But does crying and worrying about something you have no control over make sense?
The xah use to tell me he was going to buy a gun and shoot himself, we were not living together at that time. I considered it was a possibility.
I spent most of my marriage worrying about what would happen to him, after I saw him survive a heart attack, almost choking to death in his sleep, and many other emergencies. I left him in the Universe's hands.
This is from the ODAT book: "I pray that I may not fall into the error of anticipating trouble. If It should come, let me meet it with equanimity and Love."
What you mention sounds like burn-out, which would be totally understandable. After about 10,000 crises, I felt as if the universe could drop a 16-ton weight on my AH's head and I'd just blink and think, "Shoot, now I have to clean up the dang 16-ton weight."
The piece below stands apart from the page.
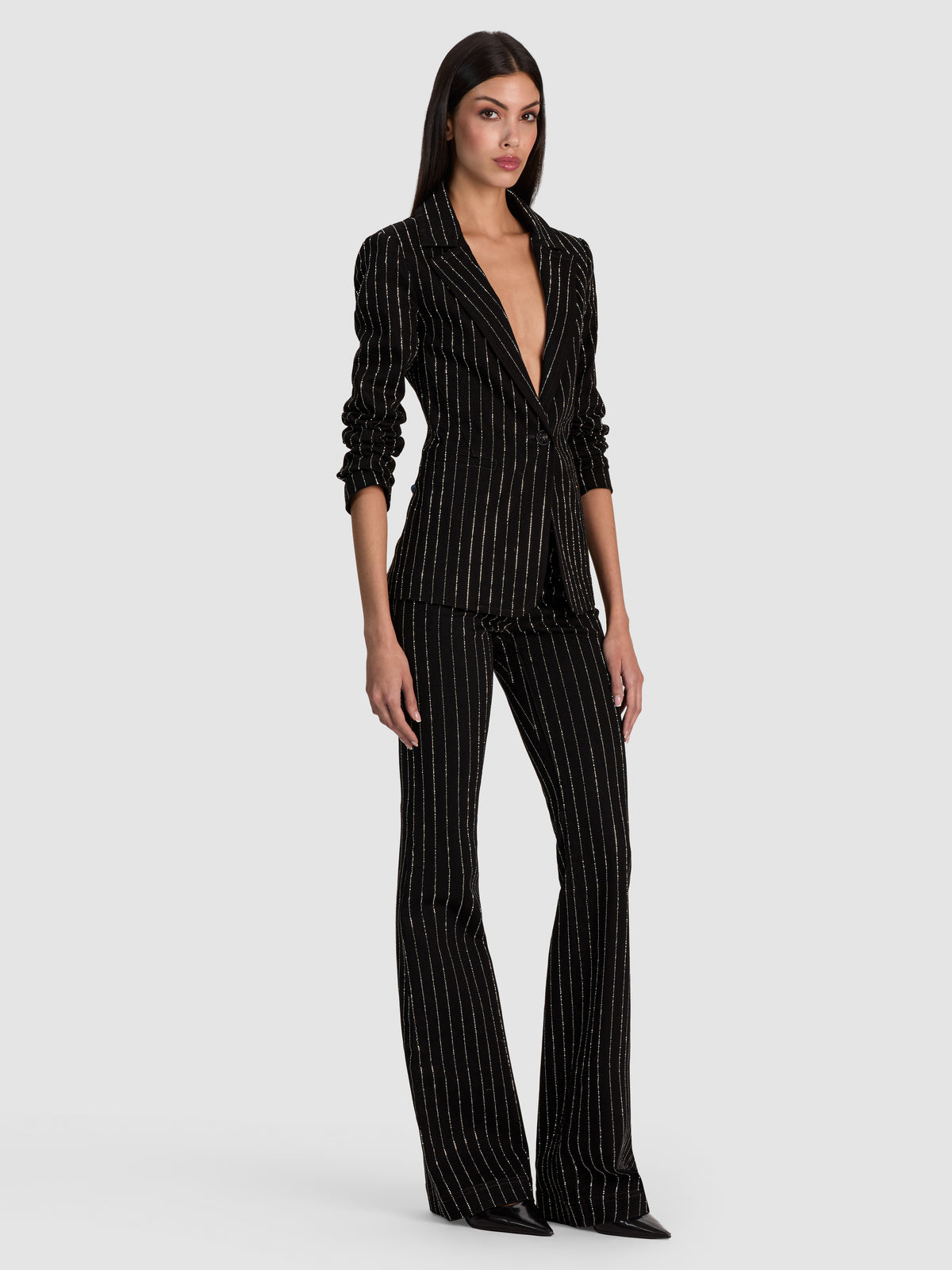 MACEY EMBELLISHED DENIM BLAZER-BLACK/CLEAR CRYSTAL-ALICE + OLIVIA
That phase was actually easier than the phase where I was still feeling the devastation, grief, and disappointed hopes all the time. It was as if I'd finally accepted reality.
If your AH is feeling like shooting himself, he needs to get help. You're not the one to help him any more than you could manufacture insulin for him if he had diabetes. I imagine you've offered to help him with his problems many more times than he's agreed to accept your help. For him to put the burden on you now is unjust. I imagine he knows how to look in the phone book for AA. That's the kind of help that would really do him some good, instead of asking for some kind of pity from his spouse. But it may be that I'm going through a bitter phase right now!
Nevertheless, it sounds to me as if you're feeling the same way I felt when I'd been through years of crisis and I started to realize that he wasn't going to change anything about himself -- and that he was the only person who could.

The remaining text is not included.